岩田園長:すごいな、よく考えて作ってくれたなと思いましたね。一生懸命さがとてもよく伝わってきました。開園当初、自分たちで3つは遊具を作りたいと思いながらも、初年度ということもあり結局まだ1つしか作れていなかったんですが、この取り組みのおかげで予定以上の手作り遊具を子どもたちに提供できました。
──今回のような園と地域との交流について、どうお考えですか?
岩田園長:今回、開園初年度にこうした交流ができたのは、非常に良かったと思っています。高校生が、それぞれ「何を作ると喜ばれるだろう」と考えられるきっかけを作れたことが、保育園、高校ともに実りのある交流になったのではないかと思います。

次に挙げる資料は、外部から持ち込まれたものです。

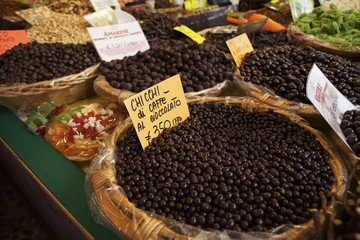 Basket full of chocolate-covered coffee beans in Italy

子どもたちに関しては、この1年、週1回商店街ツアー(地域交流)を行ってきたことによる成長が見られたなと思っています。知らない大人に会ったときに物怖じしてしまう子もいたのですが、今回はどんどん話しかけていましたから。人とのコミュニケーションに対する子どもの心理的ハードルが下がったのだろうと思います。

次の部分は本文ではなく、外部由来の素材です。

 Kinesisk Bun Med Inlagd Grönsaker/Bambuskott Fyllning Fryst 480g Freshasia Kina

美里工業高校とは、これ1回でおしまいにならないよう、今後も継続して関係性を築いていきたいと考えています。今回、「将来は保育士になりたい」という生徒さんがいらっしゃったのですが、そうした子も含めて、授業の一環でもボランティアでもいいのでまた遊びに来てもらいたいですね。子どもたちに木工を教えてもらうなど、何かできたらなと思います。
後日談:4、5歳児が美里工業高校を訪問
インタビューの翌日、4、5歳児が美里工業高校を訪問しました。園から高校までは、片道3km。歩いておよそ1時間30分の道のりです。朝9時に出て、10時半に到着。元気いっぱいに到着した姿を見て、出迎えてくださった高校の先生方は「本当に歩いてきたのですね」と驚かれていたのだとか。今回の取り組みに携わった先生だけではなく、どろんこ保育園の活動に興味を抱いてくれた先生お二人もご挨拶に出てきてくださいました。
工業高校ならではの授業を見学させてもらい、子どもたちは興味津々。マイナス27度の冷凍庫に入る体験では、「さむーい」「涼しくてサイコー」と大はしゃぎ。怖くて中には入らなかった子どもも含め、楽しい体験となりました。
「今回のご縁を1回で終わらせず、今後も末永く美里工業高校との交流を続けていきたい」と語ってくれた岩田園長。高校を始め、今後も地域交流、貢献の機会を作れるよう働きかけていくそうです。